I spend the next several days sleeping off my injuries. Juno stays at my side, helping me walk when I have to, bringing me things when I need them, and mostly just holding me.

He pretends that everything is fine, and I pretend to believe him. Too often, though, I wake up to find him gone. When he comes back, he’s winded and exhausted, but he doesn’t say a thing. He doesn’t do anything but crawl into bed and wrap his arms around me.

I don’t need him to tell me what’s going on. I already know.

I wasn’t careful enough with my getaway. The Kanagawas have tracked me to this building. They’ve probably tried to get inside on more than a few occasions, but Juno keeps driving them off.

The food he brings me is from the landlady’s kitchen, which she was kind enough to drop it off at the doorstep right before she left. Juno insists she’s off taking care of her sick aunt out of town, that she’ll be back any day now, but the building’s few other tenants have made similar getaways. I should probably do the same—but that would mean leaving Juno behind. And once I’m gone, I don’t know if I’ll ever be able to come back. I don’t know how long it’ll take the rest of the building’s occupants to come back, either, or if they even will. After all, there aren’t many people willing to risk staying in a place that’s been targeted by a mob family. How long will it be before somebody else moves into this room?

How long will Juno be trapped in this building by himself?

“Doesn’t matter,” is always Juno’s answer. “You need to get out of here. I can wait.”

“I can’t just leave you here.”

“Sure you can. Your leg’s good enough to walk on. Just grab the first car you see and go. Simple as that.” He peers through the blinds at the alley below. Judging by the look on his face, he doesn’t like what he sees. “The sooner that happens, the better.”

“There has to be some way to get you out.”

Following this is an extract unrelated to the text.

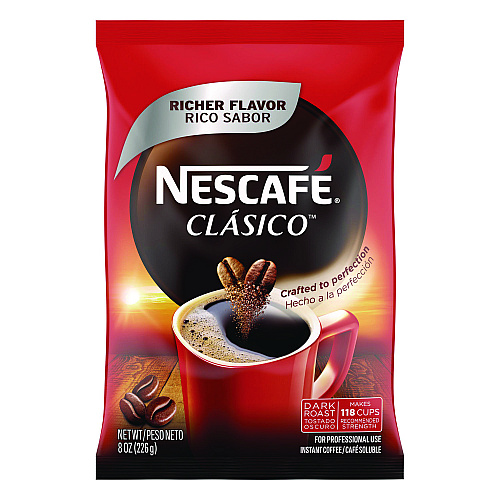 Nescaf Clasico Dark Roast Instant Coffee, 8 oz Pouch (70948)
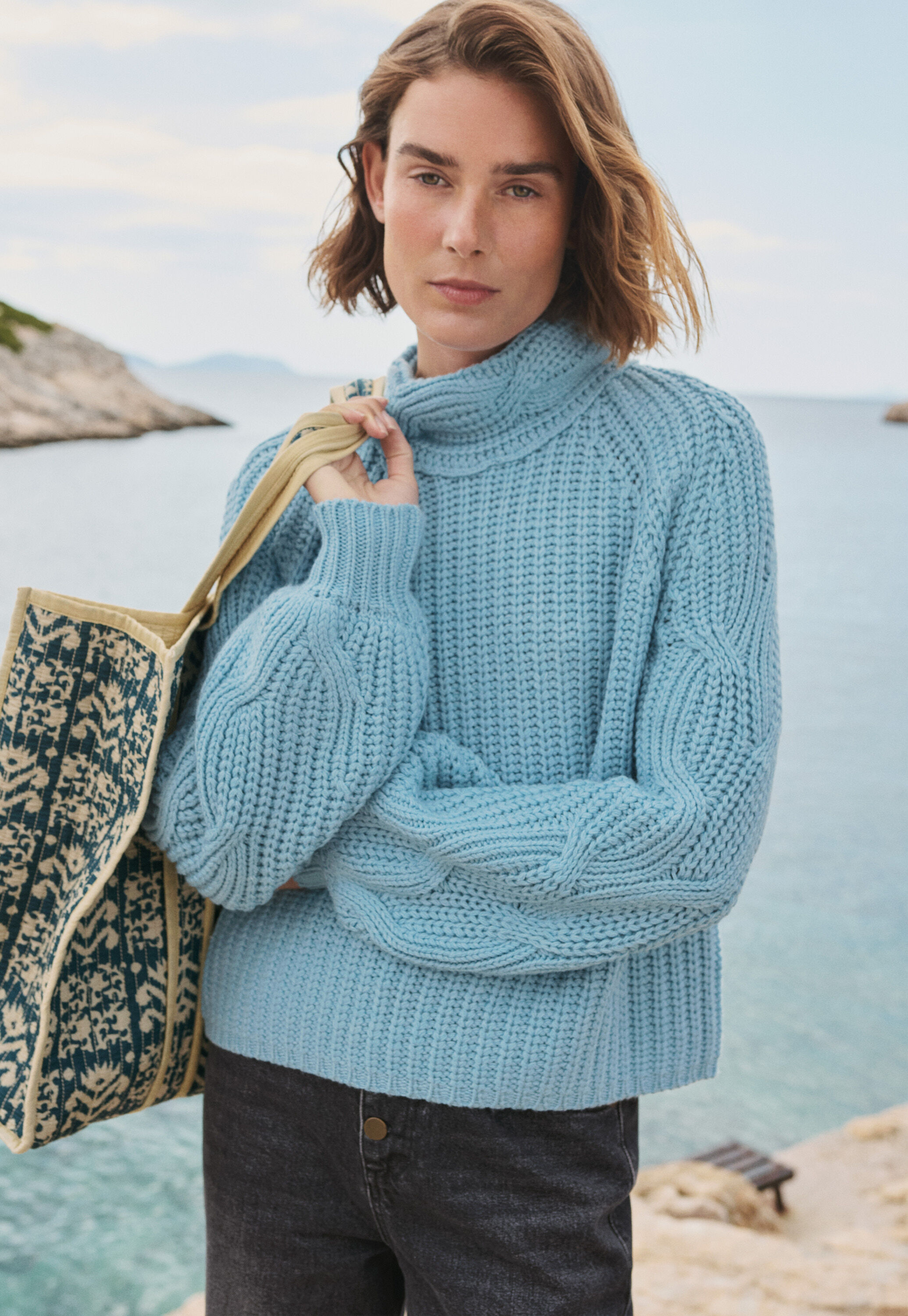 Reverse striped sweater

“Don’t you think I haven’t tried?”

“Something you haven’t tried, then.”

He strides back to me with a grating sigh. “Like what? Séances? Rituals? Before Alessandra went off to war, she brought in priests and pastors from every denomination she could think of to try and cleanse this place. Julian pulled in pagans and every New Age scrap of occultism he could think of. I’ve been salted and saged and exorcised, and nothing helps. That’s just how it is. Hell, Rita even tried to get me to ‘sever my ties to this earthly plane’—I’m probably lucky that one didn’t work out.”

“Not fond of the harp?” I ask, trying for a moment of levity. It doesn’t work: Juno’s face is even more grim than before.

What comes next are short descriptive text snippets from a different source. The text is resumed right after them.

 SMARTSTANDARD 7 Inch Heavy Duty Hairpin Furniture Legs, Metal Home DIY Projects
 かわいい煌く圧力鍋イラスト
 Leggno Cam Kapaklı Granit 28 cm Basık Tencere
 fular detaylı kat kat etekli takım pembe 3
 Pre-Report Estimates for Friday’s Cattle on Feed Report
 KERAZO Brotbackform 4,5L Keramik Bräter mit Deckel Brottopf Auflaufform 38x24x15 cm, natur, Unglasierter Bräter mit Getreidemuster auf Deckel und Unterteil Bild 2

“Harps I don’t have a problem with, but smoke and brimstone do a real number on my lungs.” And he believes it, too: so badly that I can almost smell smoke on him.

I pull him away from the window and back to me, leaning in close so I take up his full field of vision. “I don’t believe you’re meant for that.”

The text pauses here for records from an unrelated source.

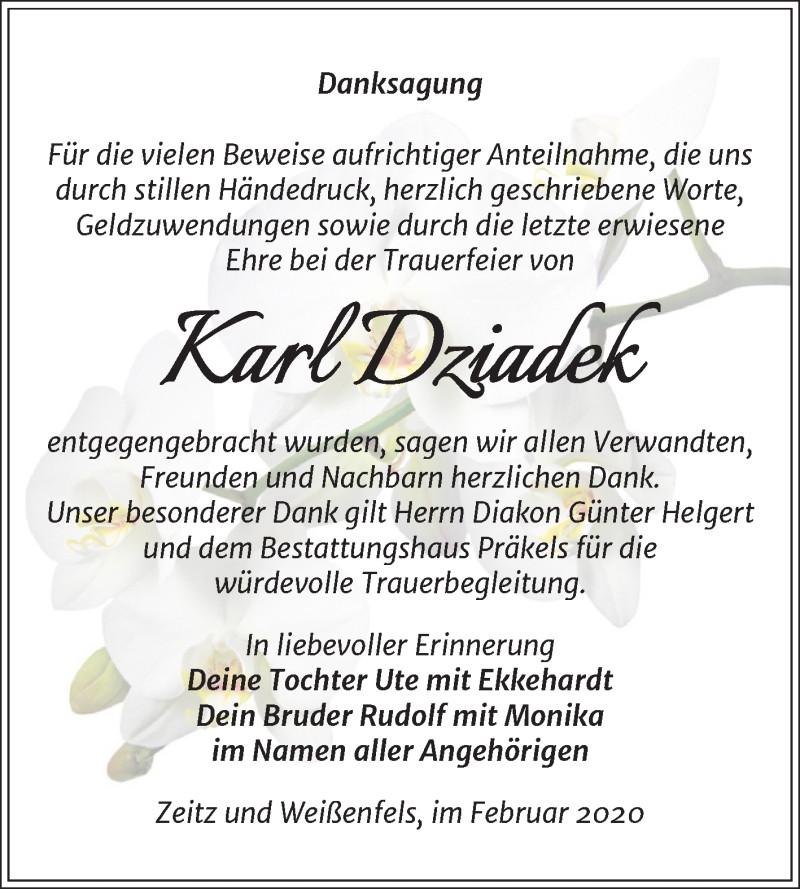  Traueranzeige für Karl Dziadek vom 15.02.2020 aus Super Sonntag Zeitz
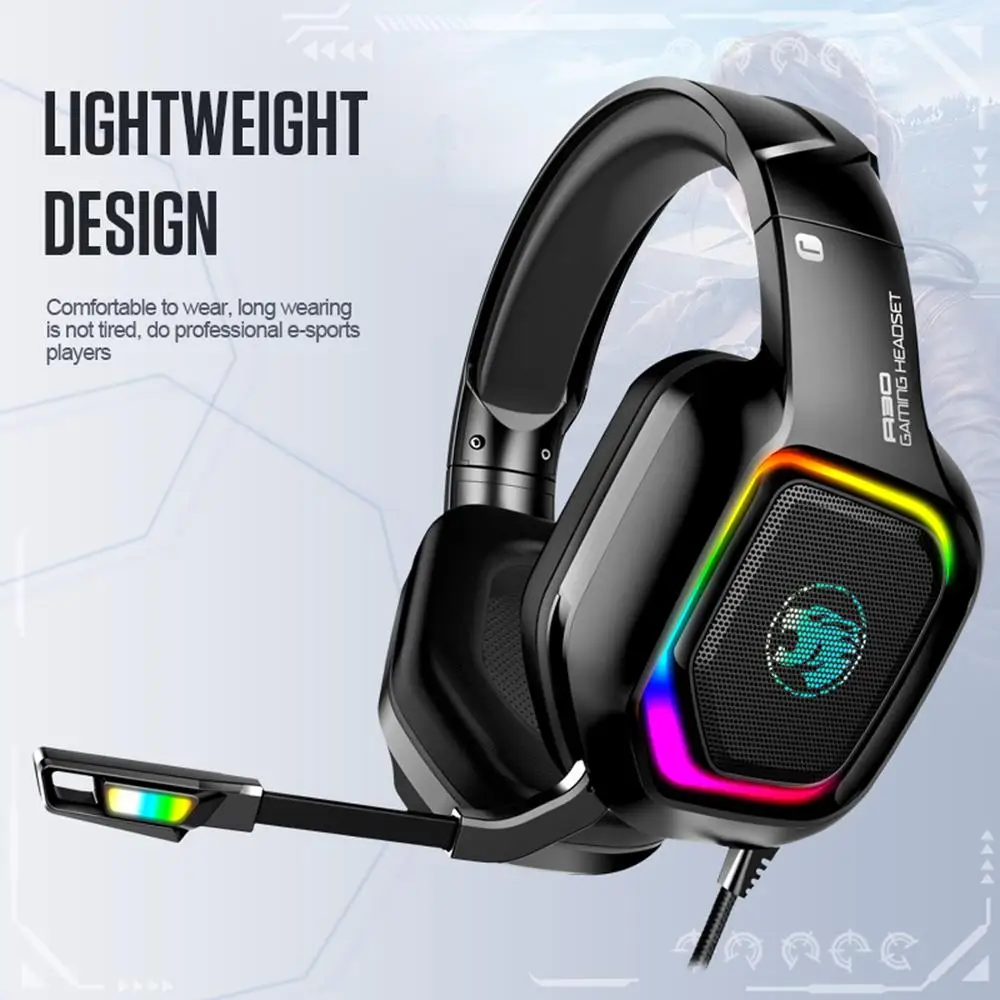 DDJ Gaming Headphones Noise Reduction Headsets With Microphone RGB Light Stereo 7 1 Surround Sound For PC Tablet Laptop PS4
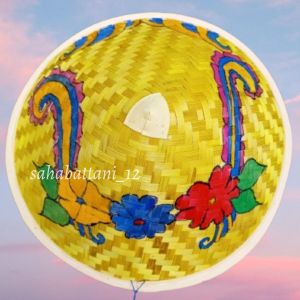 Topi caping petani motif bunga - caping lukis anak aesthetic - topi karnaval anak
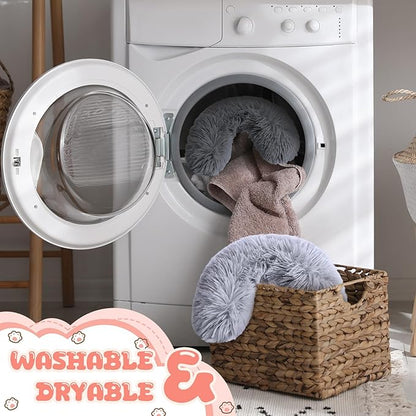 Sweetude 2 Pcs Cat Pillow for Indoor Cats and Dogs Ultra Soft Fluffy Pet Calming Toy Half Donut Cuddler Pillow U Shaped Pet Neck Pillow Calming Puppy Pillow Joint Relief Cervical Protection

“What do you know?” he mutters, but there’s no spite in it; just exhaustion. “Peter, please. You were always going to leave eventually. Trust me, you don’t want to be stuck here forever.”

“Juno…” A part of me wants to tell him that he’s wrong—that spending an eternity with him is hardly my idea of hell—but I know it’s the wrong thing to say right now. Forever is a long time, after all, and there’s so much of the world I haven’t seen. I can’t think of anything to say that might persuade him, so I do the only thing I can think of: I kiss him.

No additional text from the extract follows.